0

I have about 54 000 files in my GCP bucket. When I try to schedule a big query data transfer job to move files from GCP bucket to big query, I am getting the following error:

Error code 9 : Transfer Run limits exceeded. Max size: 15.00 TB. Max file count: 10000. Found: size = 267065994 B (0.00 TB) ; file count = 54824.

I thought the max file count was 10 million.

James Z
  • 12,209
  • 10
  • 24
  • 44
codechef
  • 65
  • 1
  • 7
  • Looks like you're hitting BigQuery's _"Maximum number of source URIs in job configuration — 10,000 URIs"_ quota. Can you share more details on how you are setting up your DTJ i.e. what does your "Data Source Details" look like? – Graham Polley Jun 21 '20 at 07:48
  • @GrahamPolley Source is Google Cloud Storage. Destination dataset is a dataset in big query. Destination table is a table already created in big query.
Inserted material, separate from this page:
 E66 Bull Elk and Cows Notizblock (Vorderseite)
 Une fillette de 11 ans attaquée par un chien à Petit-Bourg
Cloud Storage URI is /bucket_name/folder/* - this folder contains 54000 files. Write preference is APPEND. File format is Parquet. – codechef Jun 21 '20 at 12:44
  • I basically want to transfer all parquet files in the folder to big query. – codechef Jun 21 '20 at 22:08
  • On the website it says Maximum number of files per load job — 10 Million total files including all files matching all wildcard URIs. Does this mean that I can only transfer 10 million files in total over a period of the job's life cycle? – codechef Jun 22 '20 at 00:00

2 Answers2

1

I think that BigQuery transfer service lists all the files matching the wildcard and then use the list to load them. So it will be same that providing the full list to bq load ... therefore reaching the 10,000 URIs limit. This is probably necessary because BigQuery transfer service will skip already loaded files, so it needs to look them one by one to decide which to actually load.
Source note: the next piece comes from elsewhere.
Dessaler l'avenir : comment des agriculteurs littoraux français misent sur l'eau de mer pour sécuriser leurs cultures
I think that your only option is to schedule a job yourself and load them directly into BigQuery. For example using Cloud Composer or writing a little cloud run service that can be invoked by Cloud Scheduler.

Alessandro
  • 609
  • 1
  • 4
  • 8
1

The Error message Transfer Run limits exceeded as mentioned before is related to a known limit for Load jobs in BigQuery. Unfortunately this is a hard limit and cannot be changed. There is an ongoing Feature Request to increase this limit but for now there is no ETA for it to be implemented.

The main recommendation for this issue is to split a single operation in multiple processes that will send data in requests that don't exceed this limit. With this we could cover the main question: "Why I see this Error message and how to avoid it?".

Is is normal to ask now "how to automate or perform these actions easier?" I can think of involve more products:

  • Dataflow, which will help you to process the data that will be added to BigQuery. Here is where you can send multiple requests.

  • Pub/Sub, will help to listen to events and automate the times where the processing will start.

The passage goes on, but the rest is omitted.